The initial discussion happened just before Christmas; a short break for teachers in American schools but part of the larger summer break for Australian teachers. Once Catharina was ready, she emailed me and we arranged an initial Skype video call just to meet each other. This was brilliant. We were able to see each other for the first time and put a face to the online name!! We chatted about aspects of our teaching situations which will impact on our lessons, eg. class sizes, year levels, student ages, etc., Whereas I teach all the primary grades, Catharina teaches what we term, junior primary. My junior primary students have one weekly 50 minute lesson, whereas Catharina’s students have 2 weekly 30 minute lessons. We arranged the time & date for our initial coaching session in which I would teach my initial JP lesson to Catharina for the following day; 5:00pm Wednesday (USA) & 9:00am Thursday (Australia).
This initial contact has been so exciting. With the Australian school year just about to begin, 3 of us local primary Indonesian teachers (all equally keen to learn the skills of TCI) have been meeting weekly to share and plan for this. We are all at different stages of Ben’s book Stepping Stones to Stories thus each with different sections foremost in our memories! We all agree that our junior primary lessons are the ones that will be the most challenging and consequently have spent the majority of our meetings focused on this. We initially agreed to focus our very first lesson on ‘suka’ (likes) because we all love the circling with balls (CWB) lesson that Ben outlined in his book. However, later while mulling over this idea, I returned to Catharina’s post on Ben’s website about where to start with junior primary. Catharina firmly believes that it is best to begin with vocabulary useful for classroom organisation and instructions. As this is the part of the lesson I have the greatest difficulty staying in Indonesian and is language that is repeated in each and every lesson, I can truly appreciate the wisdom of this. So I wrote out a detailed lesson plan for “nama saya” (My name is) as an alternative and also to start thinking about the nuts and bolts of this lesson. My thinking behind this change was twofold. Firstly, I will need to introduce myself to the new receptions, who unless they have older siblings at the school, will find my name (Bu Cathy) unusual by comparison with other female school staff who mostly use “Mrs/Ms”. “Nama saya” is also a phrase which will come up frequently in future stories.

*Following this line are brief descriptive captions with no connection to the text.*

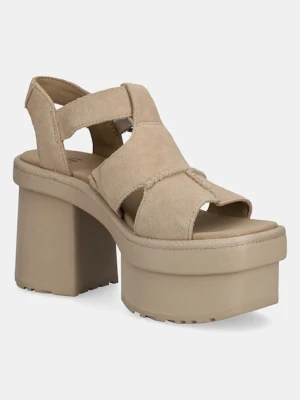 UGG sandały zamszowe New Heights Platfort-Strap kolor beżowy 1167478-MDSD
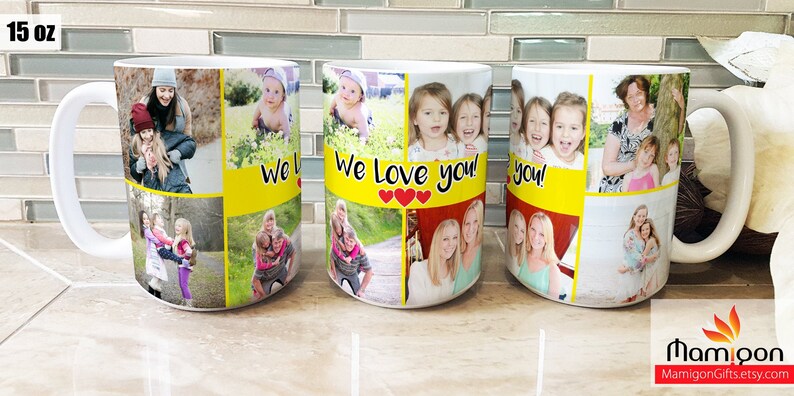 Custom Photo Collage Coffee Mug, Personalized Photo Collage Mug, Add Your Photo and Image Mug, Custom Photo Gift for Mom, Photo Gift for Dad image 2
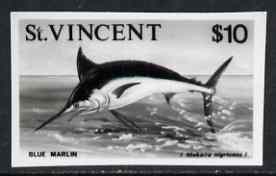 St Vincent 1975 Blue Marlin $10 stamp size Black & white,photographic proof similar to issued stamp but with thicker lettering and without imprint, as SG 443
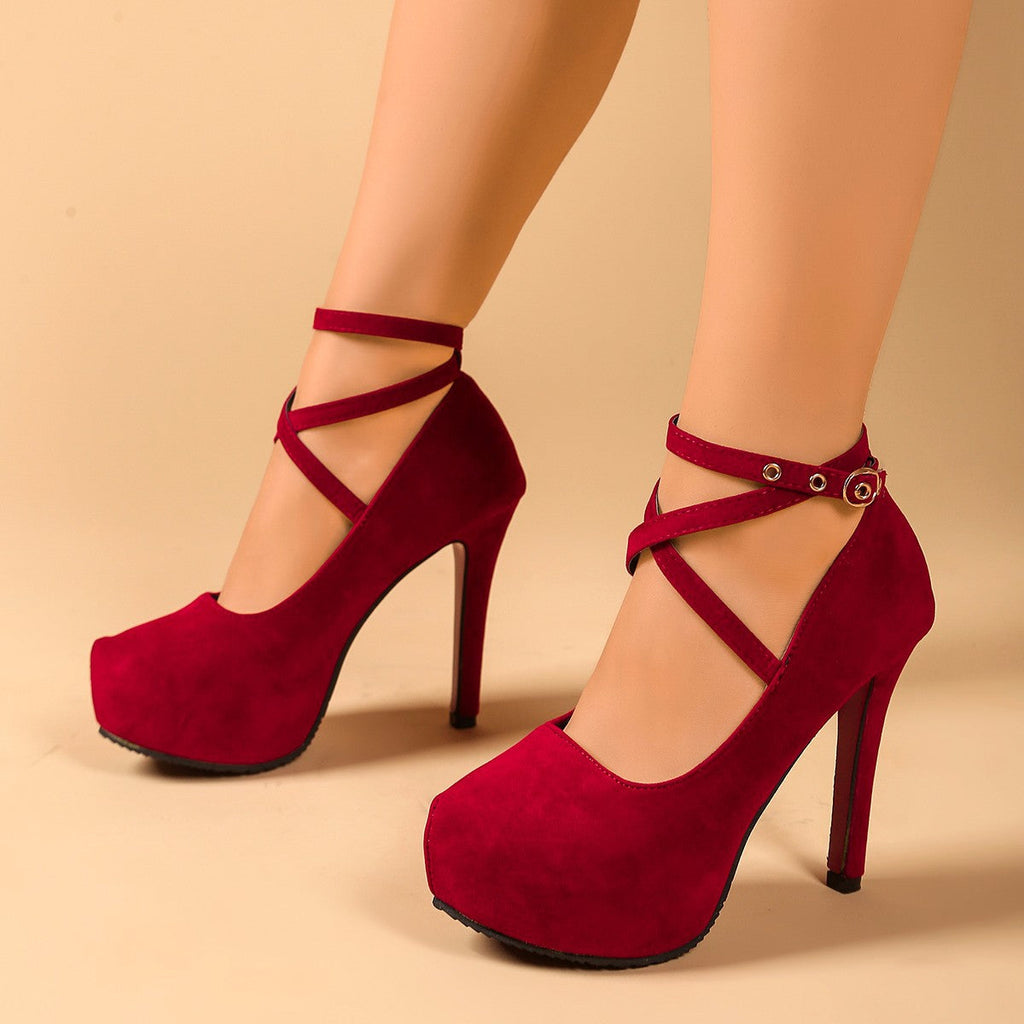 Damen High-Heels mit raffiniertem Riemendesign und geschwungenem Absatz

So, in our first Skype coaching session, I taught this lesson (very woodenly, I confess) to Catharina who willingly responded when required. During my delivery, Catharina checked for pronunciation (speech was slightly distorted in transmission) which allowed me to slow down and find my place in my lesson plan. While I felt like a total goose, presenting a lesson to an adult instead of a room full of active 5, 6 or 7 year olds, it highlighted for me just how overwhelmed past reception students must have been in their initial lesson where so much vocabulary was introduced quickly in an unfamiliar classroom by an unfamiliar teacher. All students at my school attend 3 specialist classes, so the first week must be quite intimidating for them meeting 4 new teachers with their 4 totally different subject areas (PE, Performing Arts, Geography & Indonesian) and teaching styles! . Another realisation also hit me. I am used to junior primary students sitting and listening passively during lessons; participating only when they are invited to e.g. during songs or when asked to echo. Catharina though, participated fully in my lesson; stopping me when I went too fast, when I went out of bounds or when my speech was unclear. I found this both unnerving and exhilarating! A weird combination! Unnerving because it was so alien and exhilarating because I love the idea of students having the confidence to stop me when I am going too fast so that they don’t become overwhelmed.
After the lesson, Catharina kindly complimented me and then proceeded to read through her notes. Her feedback was encouraging, practical and genuine. I took copious notes and later rewrote the lesson plan thoroughly incorporating them all. Her ideas were all brilliant (who’s surprised about that?) and demonstrated her deep understanding and vast experience. The advice that came through loud and strong was that I need to incorporate many more repetitions of ‘nama saya’ into the lesson. Ideas she gave me on achieving this included:
1. clapping – clap hands twice and then thighs twice while saying nama saya (insert name of student in class)
2. when introducing monyet (my cuddly offsider), instead of introducing him outright, make a game of it. E.g. nama saya Big Bird? Nama saya Elmo? Nama saya Biu Cathy?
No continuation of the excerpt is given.